Born in Florence, Vermigli entered a religious order and was appointed to influential posts as abbot and prior. He came in contact with leaders of the Italian spirituali reform movement, and read Protestant theologians such as Martin Bucer and Ulrich Zwingli. Through reading these works and studying the Bible and the Church Fathers, he came to accept Protestant beliefs about salvation and the Eucharist. To satisfy his conscience and avoid persecution by the Roman Inquisition, he fled Italy for Protestant northern Europe. He ultimately arrived in Strasbourg where he taught on the Old Testament of the Bible under Bucer. English reformer Thomas Cranmer invited him to take an influential post at Oxford University where he continued to teach on the Bible. He also defended his Eucharistic beliefs against Catholic proponents of transubstantiation in a public disputation. Vermigli was forced to leave England on the accession of the Catholic Queen Mary. As a Marian exile he returned to Strasbourg and his former teaching position. Vermigli's beliefs regarding the Eucharist and predestination clashed with those of leading Lutherans in Strasbourg, so he transferred to Reformed Zürich where he taught until his death in 1562.

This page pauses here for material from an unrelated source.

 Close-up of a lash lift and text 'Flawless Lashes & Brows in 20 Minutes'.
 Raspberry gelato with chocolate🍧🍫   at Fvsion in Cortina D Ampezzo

Vermigli's best-known theological contribution was defending the Reformed doctrine of the Eucharist against Catholics and Lutherans. Contrary to the Catholic doctrine of transubstantiation, Vermigli did not believe that the bread and wine are changed into Christ's body and blood. He also disagreed with the Lutheran view that Christ's body is ubiquitous and so physically present at the Eucharist. Instead, Vermigli taught that Christ remains in Heaven even though he is offered to those who partake of the Eucharist and received by believers.
Vermigli developed a strong doctrine of double predestination independently of John Calvin. His interpretation was that God's will determines both damnation as well as salvation. Vermigli's belief is similar but not identical to Calvin's. Vermigli's political theology was important in the Elizabethan religious settlement; he provided theological justification for Royal Supremacy, the doctrine that the king of a territory, rather than any ecclesiastical authority, rules the church.